**Short descriptive text snippets:**
•••

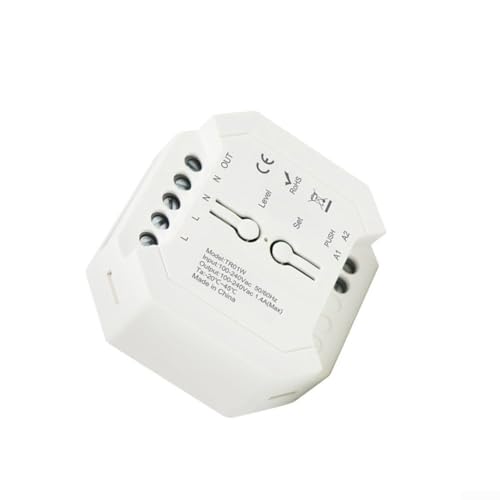 Interruptor de pared para motor LED regulable, regulador AC Triac 110-240 V, 154 W a 110 V, con regulador de intensidad de botón, modelo A/B/C, blanco (2,4 G RF)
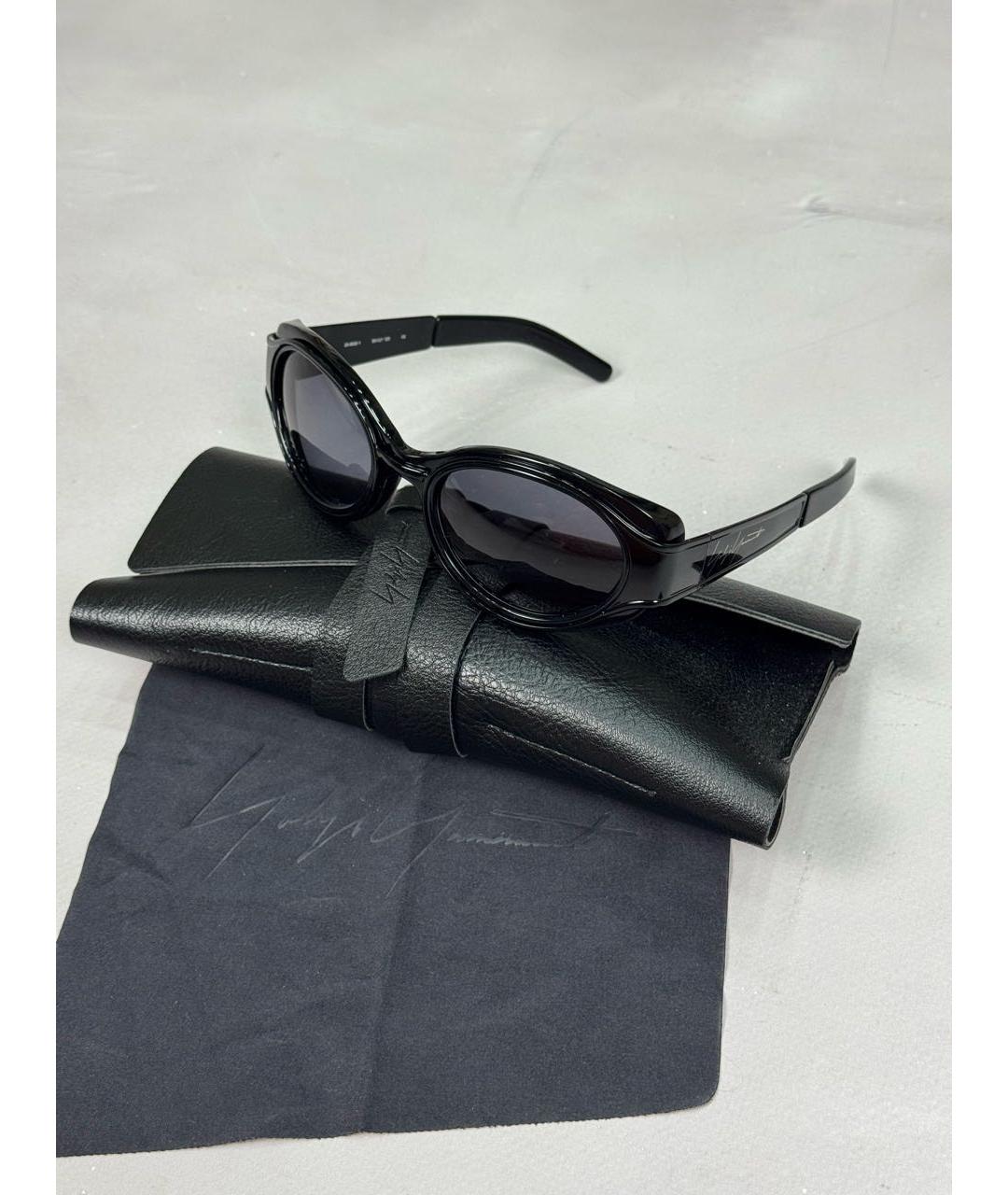 YOHJI YAMAMOTO Черные пластиковые солнцезащитные очки, фото 2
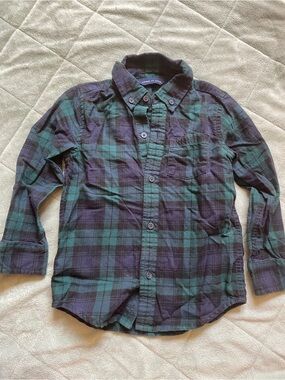 Janie and Jack Green and Navy Plaid Button-Down Flannel Shirt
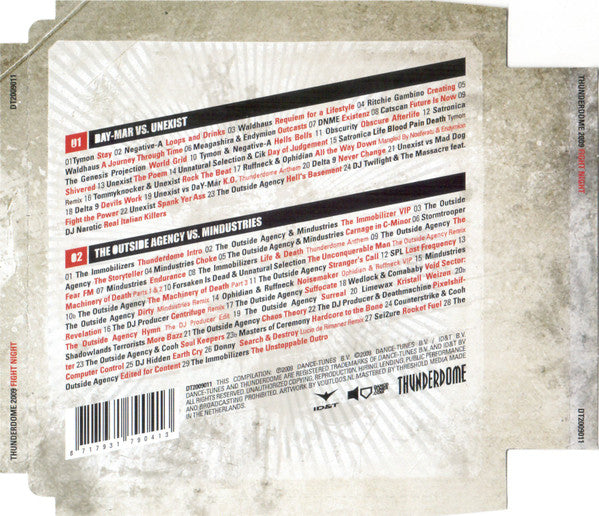Day-Mar Vs Unexist / The Outside Agency Vs Mindustries : Thunderdome 2009 Fight Night (2xCD, Mixed)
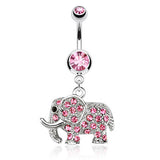 Gem Encrusted Elephant Belly Bar - Dangling Belly Ring. Navel Rings Australia.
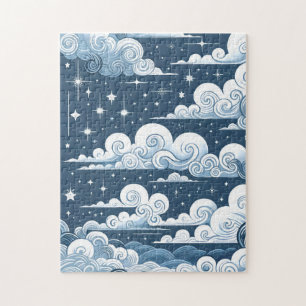 Whimsical Blue Celestial Baby shower Welkomstbord Legpuzzel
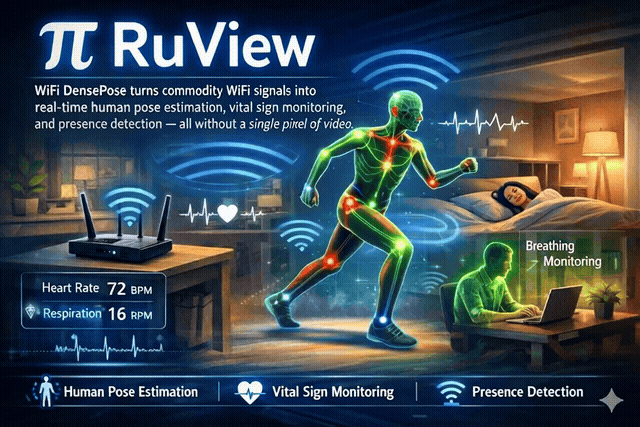 Visualización de RuView estimando postura, respiración y ritmo cardíaco a partir de señales WiFi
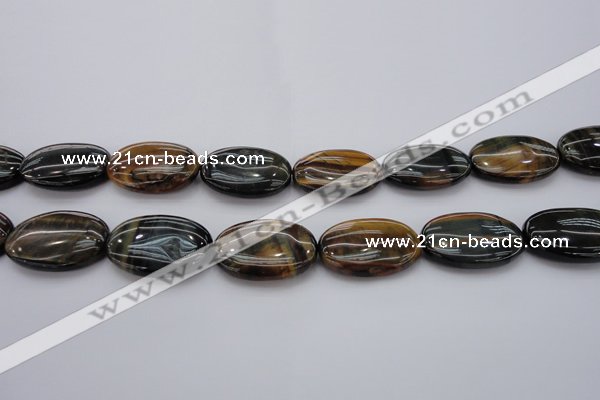 CTE1368 15.5 inches 30*40mm oval yellow & blue tiger eye beads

•••

**WORK INSTRUCTION:** Please output only the lines running from the one that holds "Janie and Jack" through the last line of the entries, both ends included, without any images.

**RESULT BELOW:**
 Janie and Jack Green and Navy Plaid Button-Down Flannel Shirt
Day-Mar Vs Unexist / The Outside Agency Vs Mindustries : Thunderdome 2009 Fight Night (2xCD, Mixed)
 Gem Encrusted Elephant Belly Bar - Dangling Belly Ring. Navel Rings Australia.
 Whimsical Blue Celestial Baby shower Welkomstbord Legpuzzel
 Visualización de RuView estimando postura, respiración y ritmo cardíaco a partir de señales WiFi
 CTE1368 15.5 inches 30*40mm oval yellow & blue tiger eye beads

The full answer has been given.